Web page caption snippets:
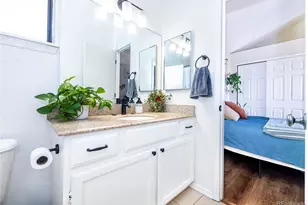 18244 E Layton Pl, Aurora, CO 80015 - Photo 12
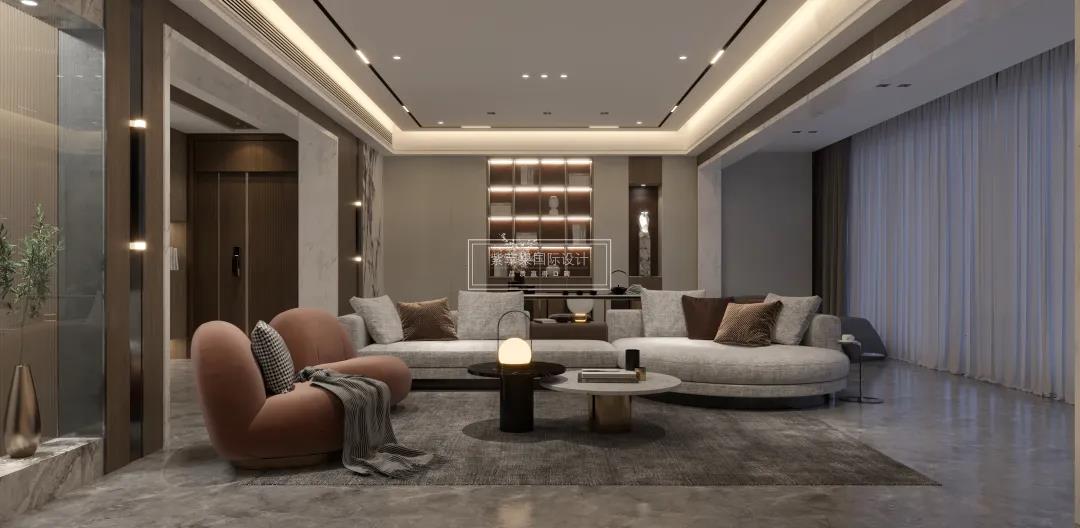 万科翡翠雅宾利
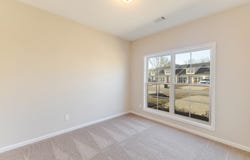 334 Bordeaux Drive, Thomson, GA 30824
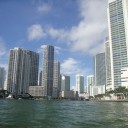 Astuces pour voyager moins cher à Miami
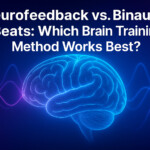 neurofeedback-vs-binaural-beats-brain-training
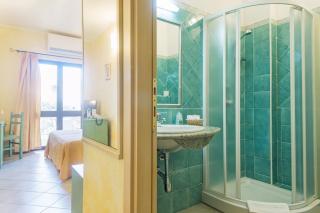 Camere Magnolia - Cala Liberotto - 6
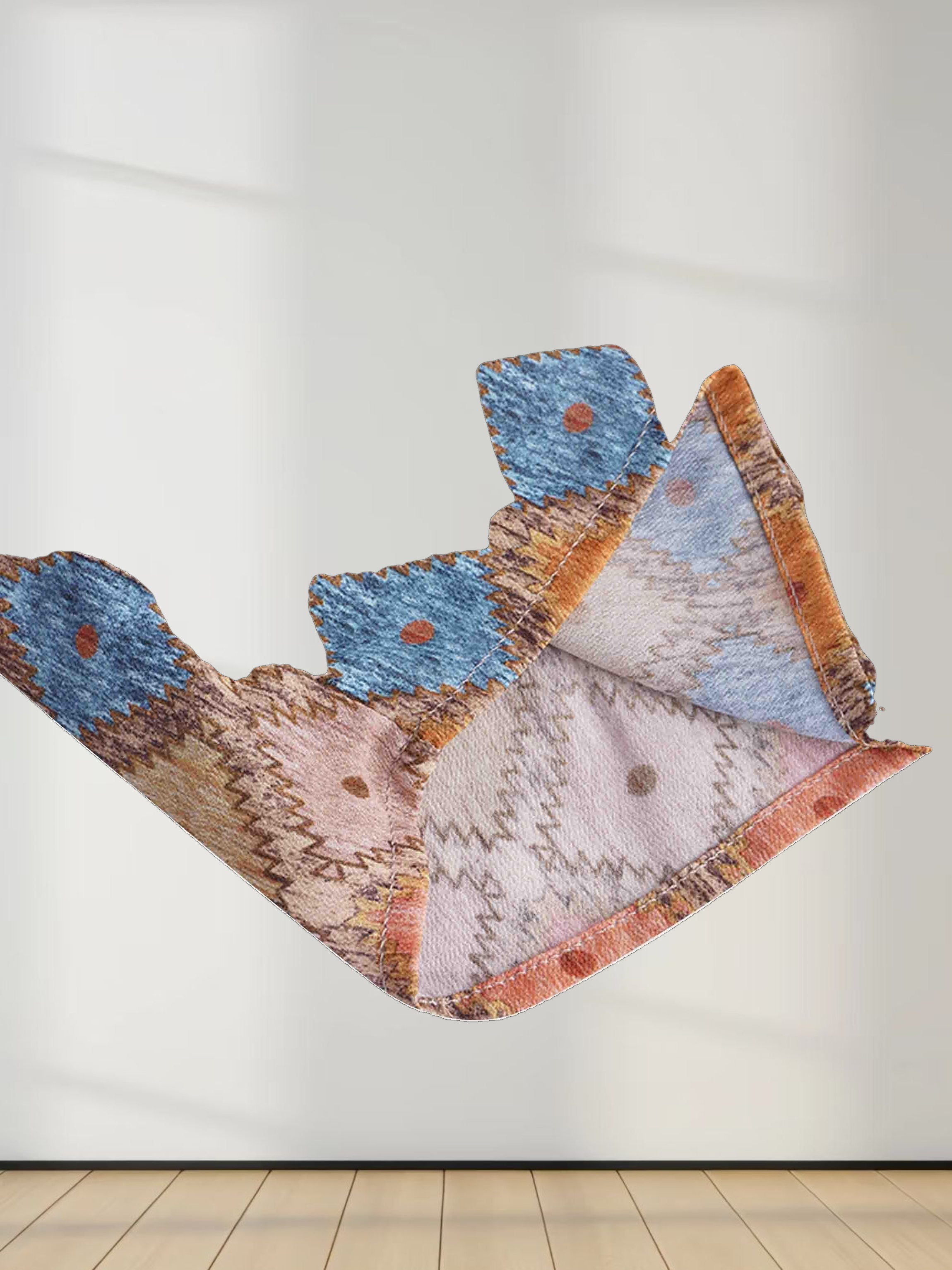 Pleated Tiered Maxi Dress-Diamond Design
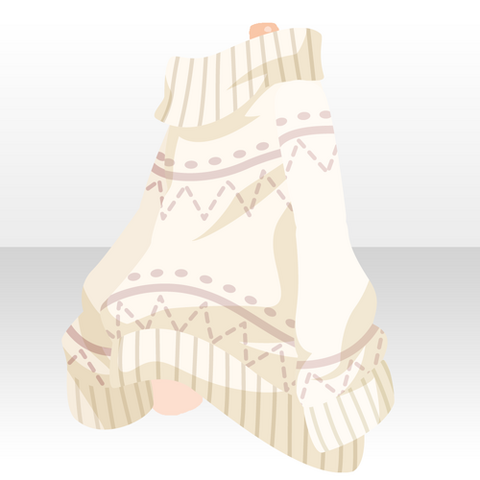 File:10491596.png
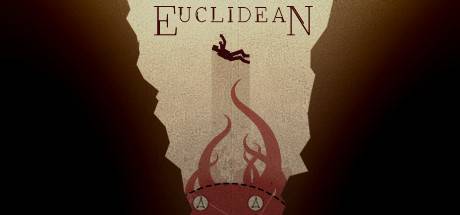 Euclidean (PC) - Standard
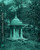 The Garden (Ferenc Hopp Museum of Asiatic Arts, Budapest) by Judit Bagi, 9786158139656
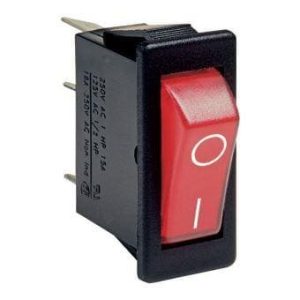 H5503AABR7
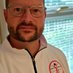 CoachSimon@sportstherapy-fsk (@fairburn_s) Twitter profile photo CoachSimon@sportstherapy-fsk (@fairburn_s) Twitter profile photo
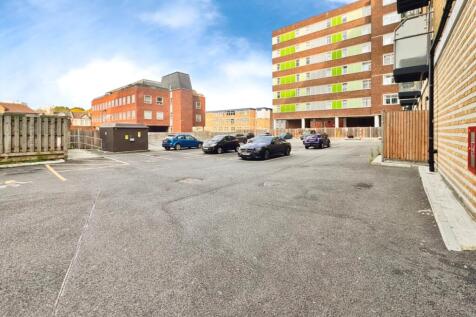 Car Park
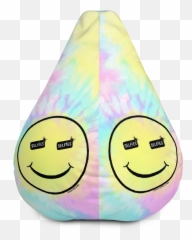 Products - Smiley Emoji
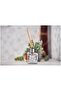 Home Perfume 150 ml, French - 3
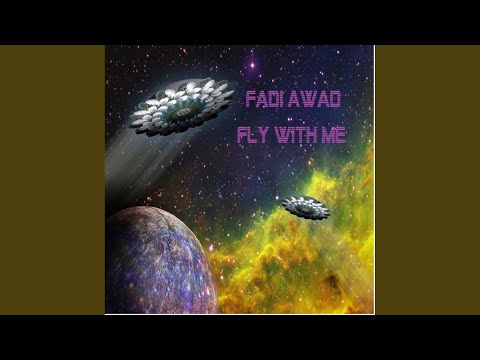 That First Time (Original Mix)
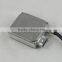 50W standar HID Xenon canbus Ballast for h7 9006 9005 H8 H9 H11 canbus hid xenon ballast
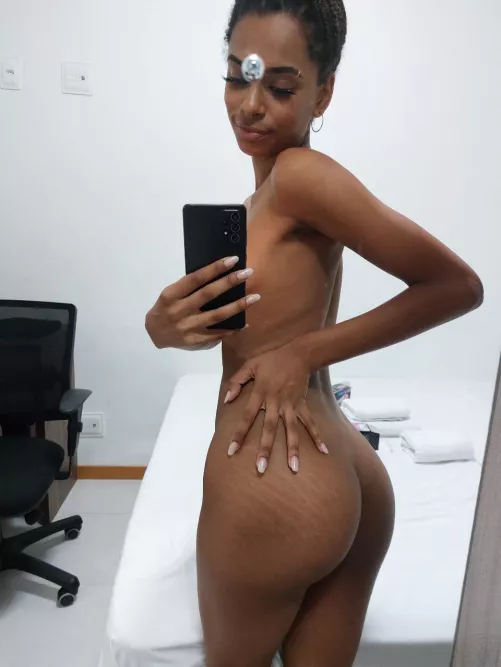 Getting lost in your eyes is the sweetest surrender.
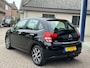Citroën C3 1.4 e-HDi Collection EGS Aut. Navi Clima Cruise Park.Sens Trekhaak NAP NL-Auto Dealeronderhouden!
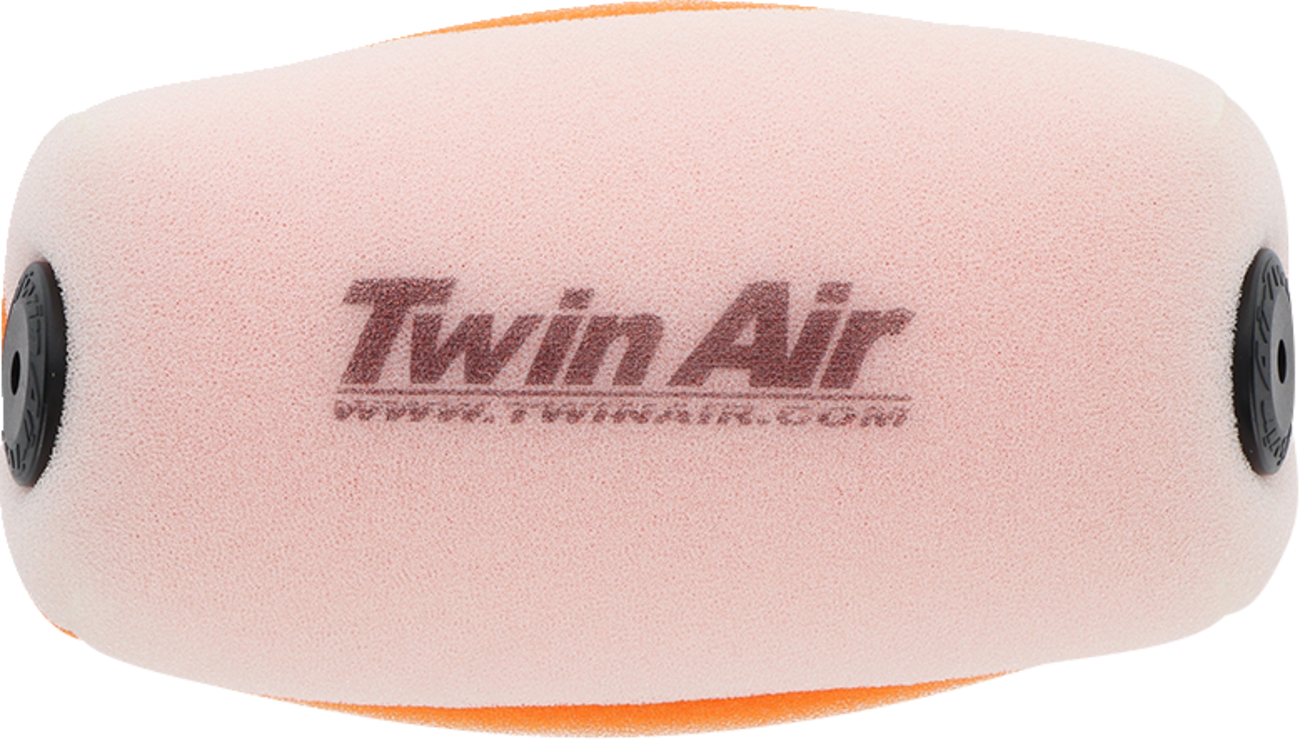 TWIN AIR Standard Air Filter - Gas Gas/Husqvarna/KTM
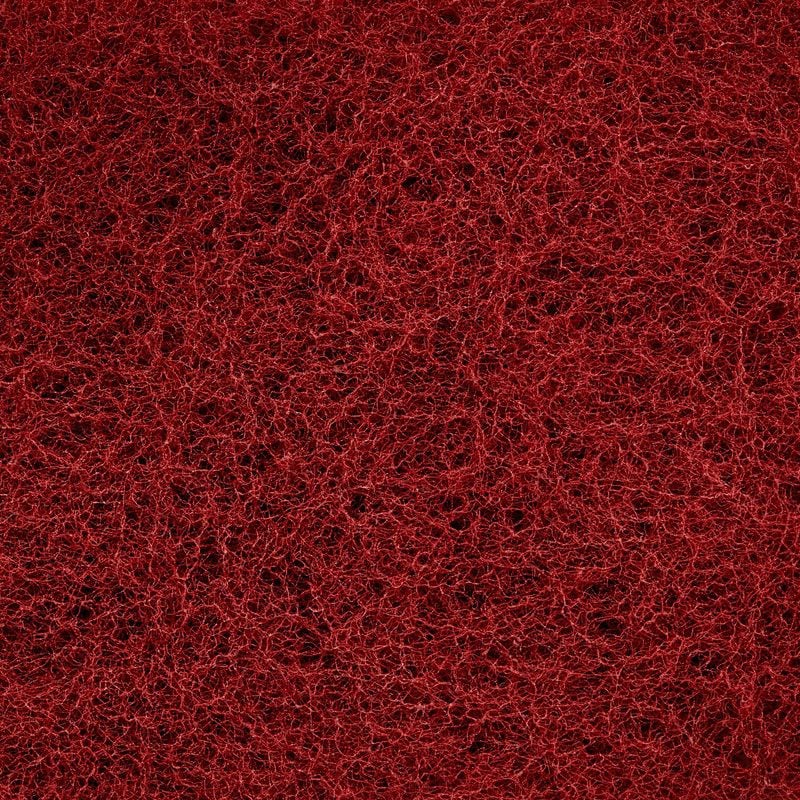 3M™ Scotch-Brite™ SC-RL felületkezelő tekercs 40 mm x 50 m, A VFN, barna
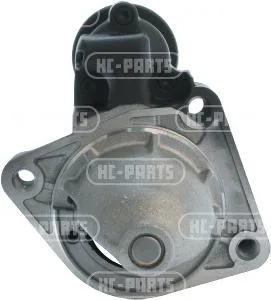 CS1404 HC-PARTS - 2.ROZRUSZNIK — zdjęcie 4 z 4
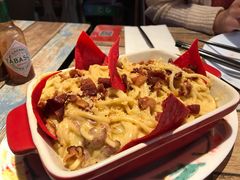 -TACOS by miumiu(地堡街店)
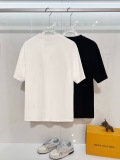 超希少！2026 モンクレール 新作 半袖Tシャツ 偽物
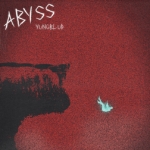 Abyss (single)
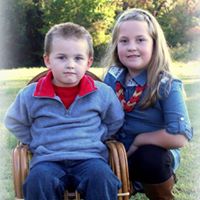 Andrea Short Photo 15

- [What to do] Your answer must contain the full data, repeated exactly, without pictures.

- [Response area]
 18244 E Layton Pl, Aurora, CO 80015 - Photo 12
 万科翡翠雅宾利
 334 Bordeaux Drive, Thomson, GA 30824
 Astuces pour voyager moins cher à Miami
 neurofeedback-vs-binaural-beats-brain-training
 Camere Magnolia - Cala Liberotto - 6
 Pleated Tiered Maxi Dress-Diamond Design
 File:10491596.png
 Euclidean (PC) - Standard
 The Garden (Ferenc Hopp Museum of Asiatic Arts, Budapest) by Judit Bagi, 9786158139656
 H5503AABR7
 CoachSimon@sportstherapy-fsk (@fairburn_s) Twitter profile photo CoachSimon@sportstherapy-fsk (@fairburn_s) Twitter profile photo
 Car Park
 Products - Smiley Emoji
 Home Perfume 150 ml, French - 3
 That First Time (Original Mix)
 50W standar HID Xenon canbus Ballast for h7 9006 9005 H8 H9 H11 canbus hid xenon ballast
 Getting lost in your eyes is the sweetest surrender.
Citroën C3 1.4 e-HDi Collection EGS Aut. Navi Clima Cruise Park.Sens Trekhaak NAP NL-Auto Dealeronderhouden!
 TWIN AIR Standard Air Filter - Gas Gas/Husqvarna/KTM
 3M™ Scotch-Brite™ SC-RL felületkezelő tekercs 40 mm x 50 m, A VFN, barna
 CS1404 HC-PARTS - 2.ROZRUSZNIK — zdjęcie 4 z 4
 -TACOS by miumiu(地堡街店)
 超希少！2026 モンクレール 新作 半袖Tシャツ 偽物
 Abyss (single)
 Andrea Short Photo 15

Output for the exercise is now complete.